(Beginning of Extracted data)

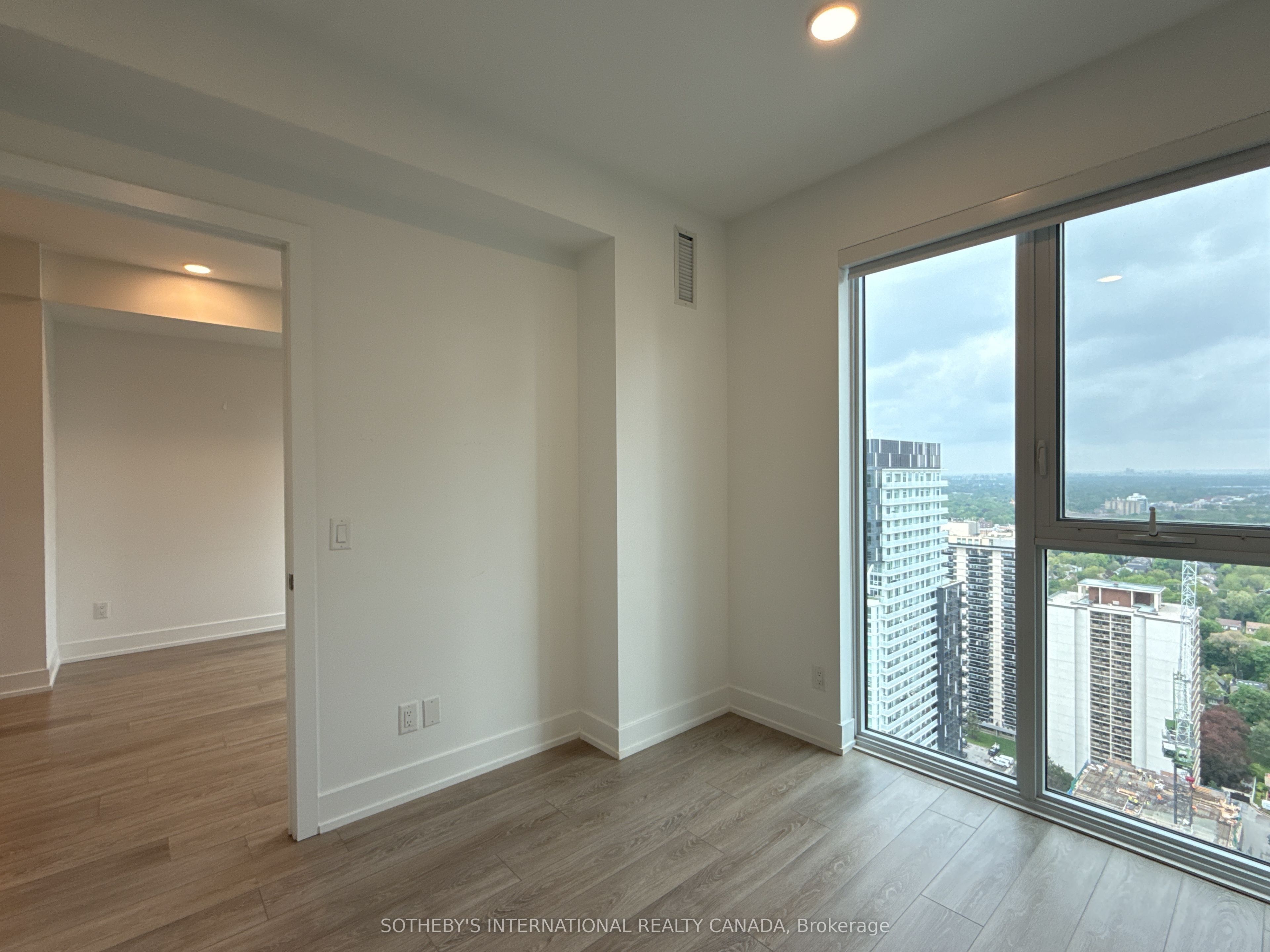 200 Redpath Avenue 2208 Property Photo 4
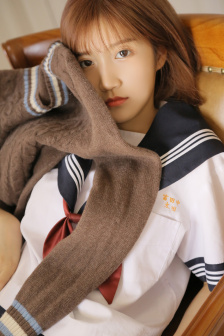 初中男生穿女生小背心胸罩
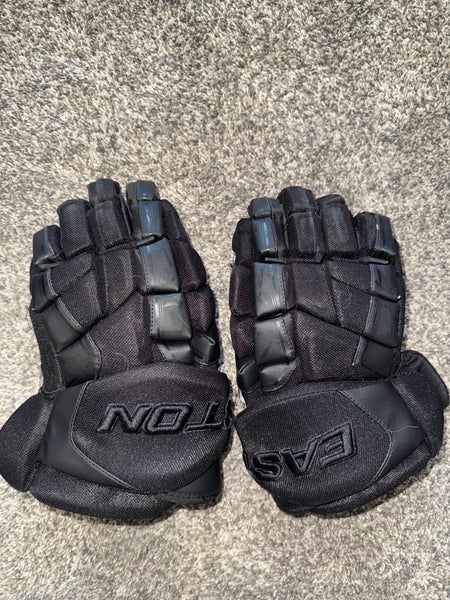 Easton Synergy Gloves 15" (Used)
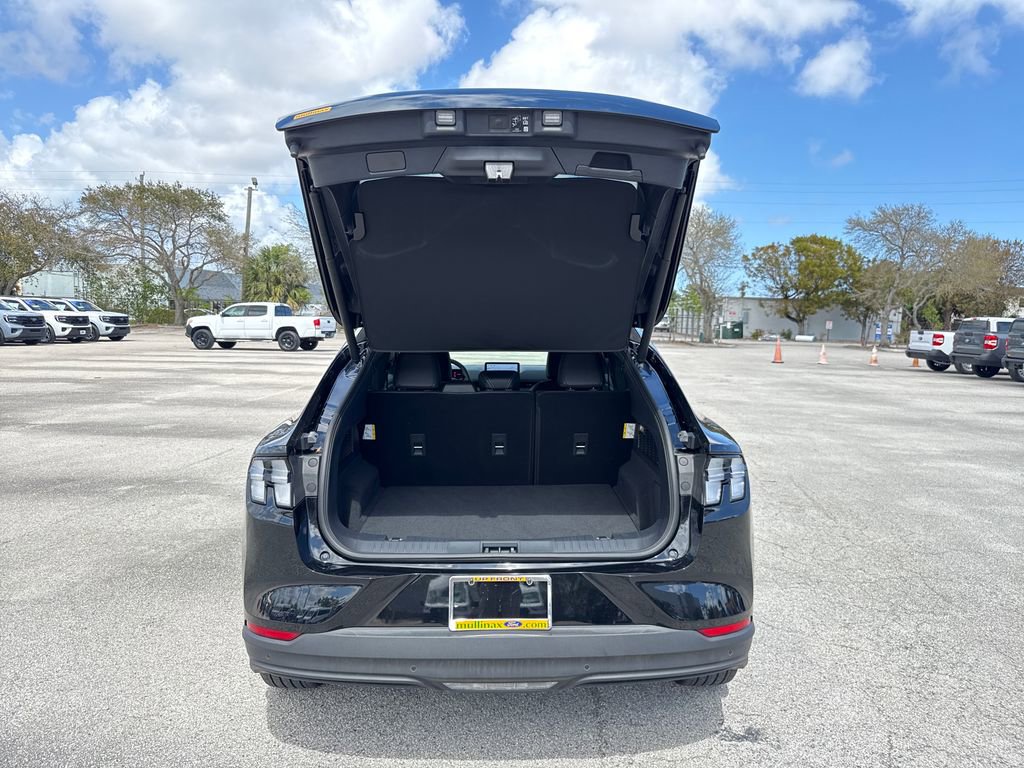 Certified 2025 Ford Mustang Mach-E Premium image 30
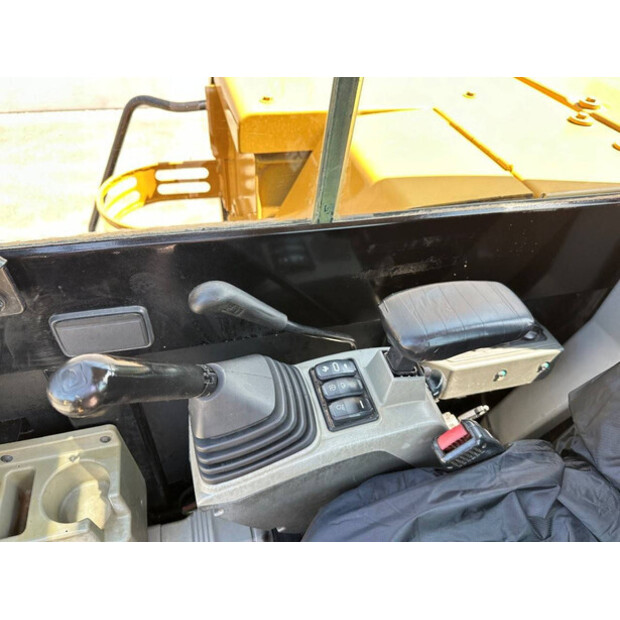 2018 Caterpillar 305.5E2-48896294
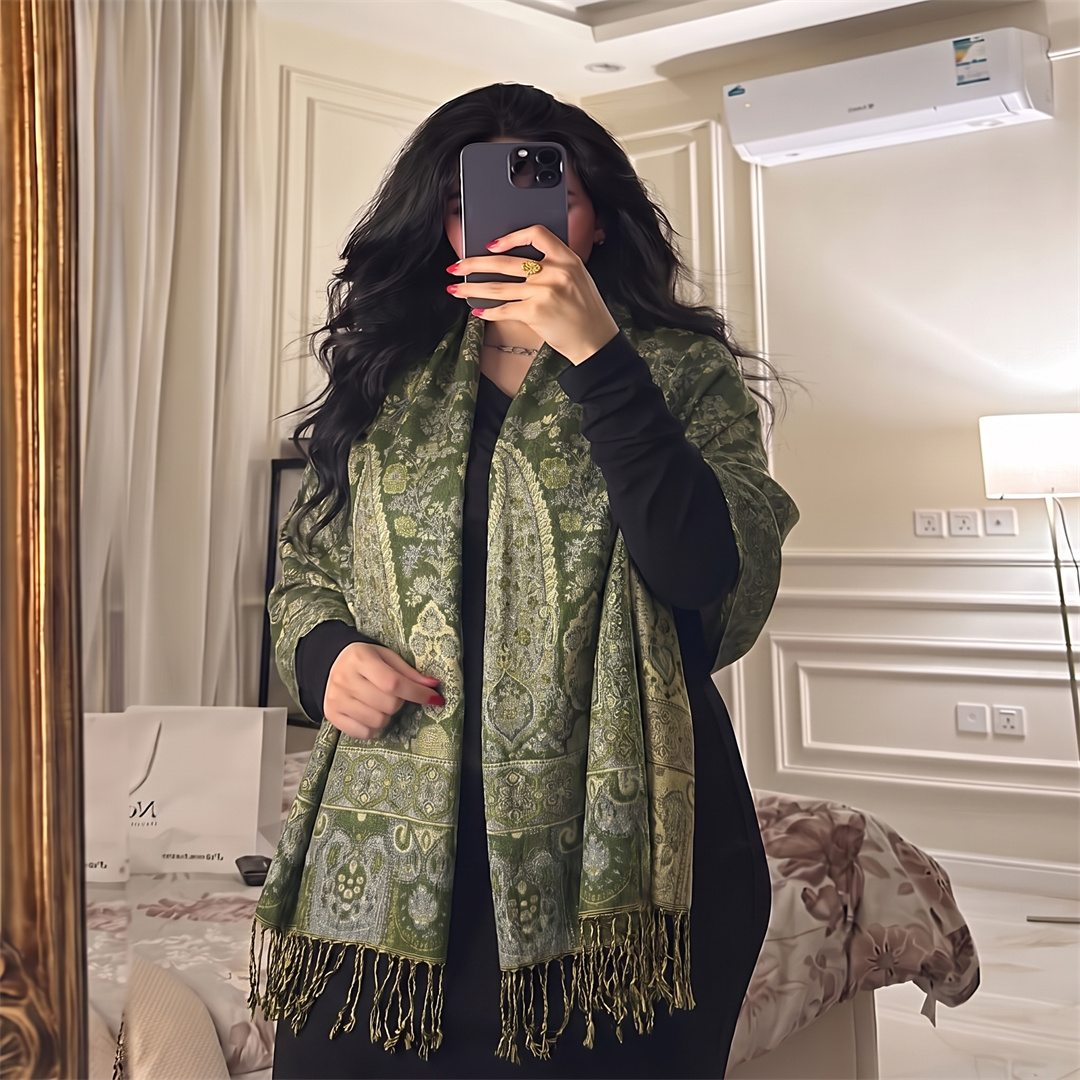 Street Fashion Hijab - Modna chusta damska z frędzlami, żakardowa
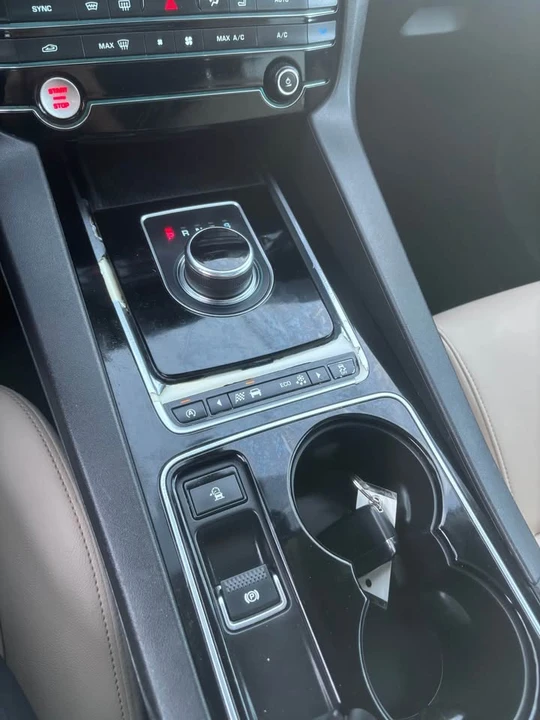 2017 Jaguar F-Pace - Image 15 of 20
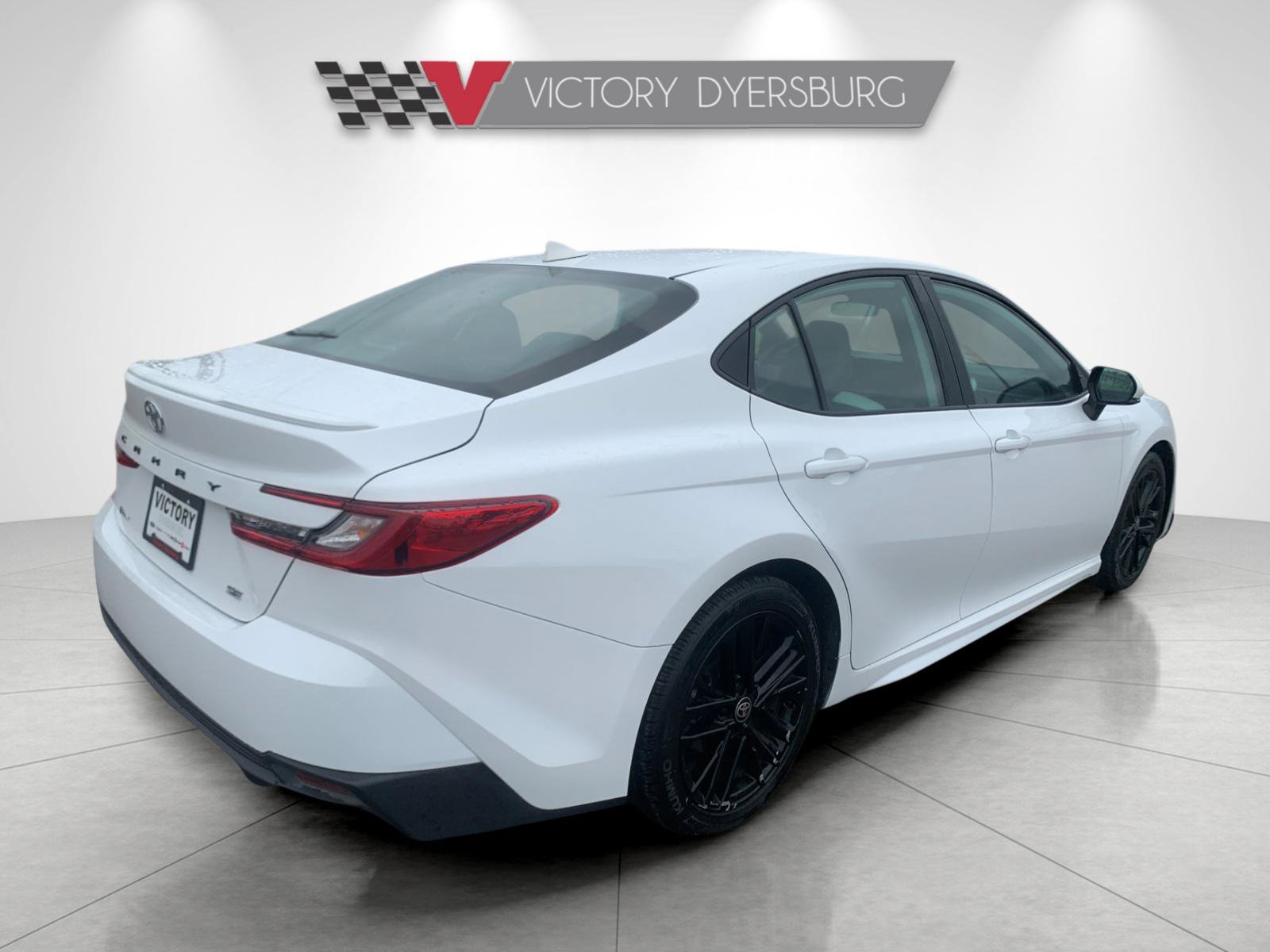 Used 2025 Toyota Camry SE FWD image 4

(End of Extracted data)

What you are asked to do —
Extract, character for character, every line from the one that holds "Street Fashion Hijab" through the end of the entries above. Include both boundary lines and no pictures.

Output of the task —
 Street Fashion Hijab - Modna chusta damska z frędzlami, żakardowa
 2017 Jaguar F-Pace - Image 15 of 20
 Used 2025 Toyota Camry SE FWD image 4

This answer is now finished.